Microbiome-derived metabolites influence intestinal homeostasis and regulate graft-versus-host disease (GVHD), but the molecular mechanisms remain unknown. Here we show the metabolite sensor G-protein-coupled receptor 43 (GPR43) is important for attenuation of gastrointestinal GVHD in multiple clinically relevant murine models. GPR43 is critical for the protective effects of short-chain fatty acids (SCFAs), butyrate and propionate. Increased severity of GVHD in the absence of GPR43 is not due to baseline differences in the endogenous microbiota of the hosts. We confirm the ability of microbiome-derived metabolites to reduce GVHD by several methods, including co-housing, antibiotic treatment, and administration of exogenous SCFAs. The GVHD protective effect of SCFAs requires GPR43-mediated ERK phosphorylation and activation of the NLRP3 inflammasome in non-hematopoietic target tissues of the host. These data provide insight into mechanisms of microbial metabolite-mediated protection of target tissues from the damage caused allogeneic T cells.The microbial metabolite sensor GPR43 has been previously shown to be a crucial modulator of immune responses. Here the authors show GPR43 is required for controlling disease pathology severity in the context of experimental models of GVHD.

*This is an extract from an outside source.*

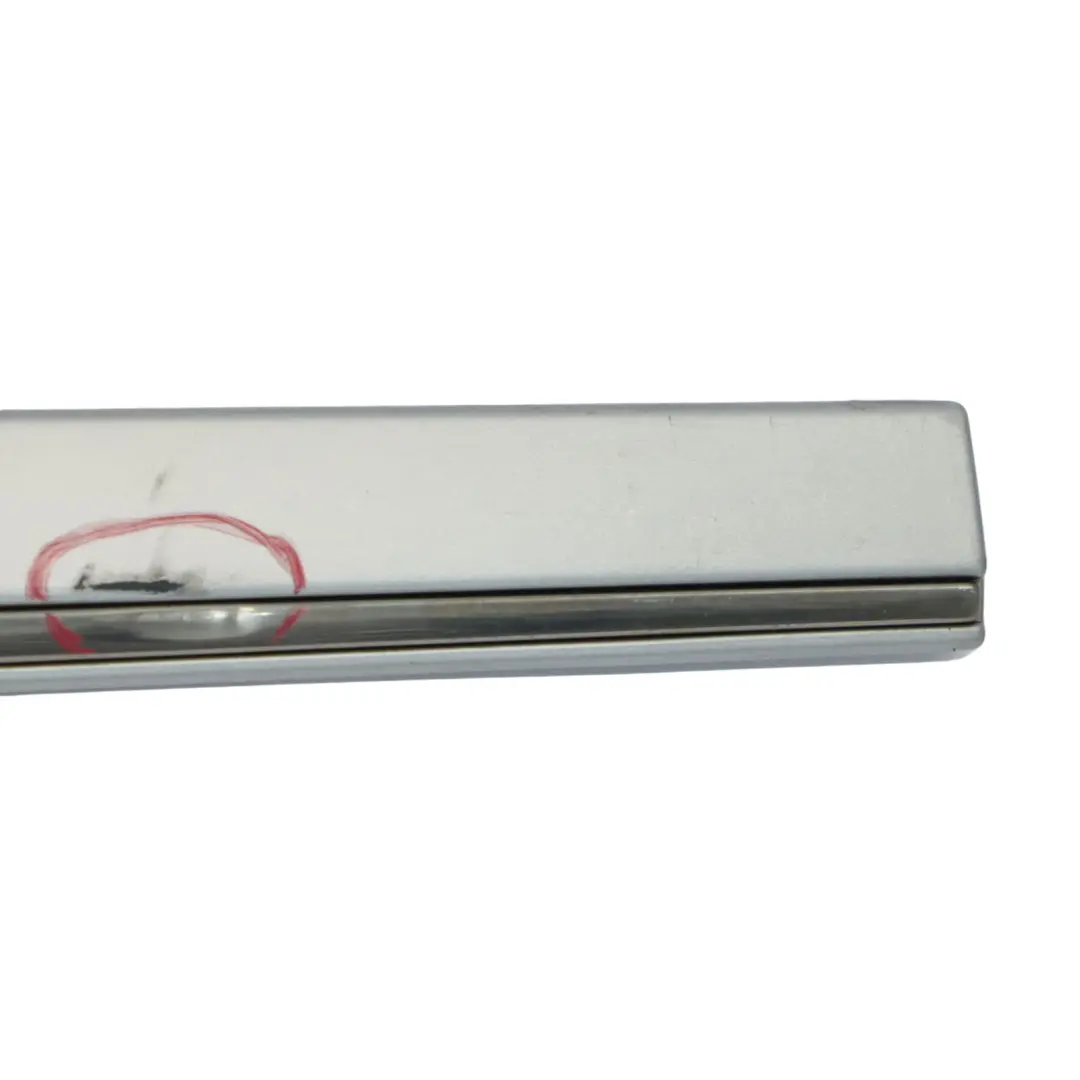 Modanatura Porta Sinistra Rivestimento Striscia Silver - 775 per Mercedes W211 con numero di parte A2116901962 Mercedes W211 Modanatura Porta Sinistra Rivestimento Striscia Silver - 775 - SKU A2116901962-IRS - Numero di parte A2116901962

IAPs protect host target tissues from graft-versus-host disease in mice

Inhibitors of apoptosis proteins (IAPs) regulate apoptosis, but little is known about the role of IAPs in the regulation of immunity. Development of IAP inhibition by second mitochondria-derived activator of caspase (SMAC) mimetics is emerging as a novel therapeutic strategy to treat malignancies. We explored the role of IAPs in allogeneic immunity with 2 distinct yet complementary strategies, namely, chemical and genetic approaches, in clinically relevant models of experimental bone marrow transplantation (BMT). The small-molecule pan-IAP inhibitor SMAC mimetic AT-406 aggravated gastrointestinal graft-versus-host disease (GVHD) in multiple models. The role of specific IAPs in various host and donor cellular compartments was explored by utilizing X-linked IAP (XIAP)- and cellular IAP (cIAP)-deficient animals as donors or recipients. Donor T cells from C57BL/6 cIAP1-/- or XIAP-/- animals demonstrated equivalent GVHD severity and allogeneic responses, both in vivo and in vitro, when compared with B6 wild-type (B6-WT) T cells. By contrast, when used as recipient animals, both XIAP-/- and cIAP1-/- animals demonstrated increased mortality from GVHD when compared with B6-WT animals. BM chimera studies revealed that cIAP and XIAP deficiency in host nonhematopoietic target cells, but not in host hematopoietic-derived cells, is critical for exacerbation of GVHD. Intestinal epithelial cells from IAP-deficient animals showed reduced levels of antiapoptotic proteins as well as autophagy-related protein LC3 after allogeneic BMT. Collectively, our data highlight a novel immune cell-independent but target tissue-intrinsic role for IAPs in the regulation of gastrointestinal damage from GVHD.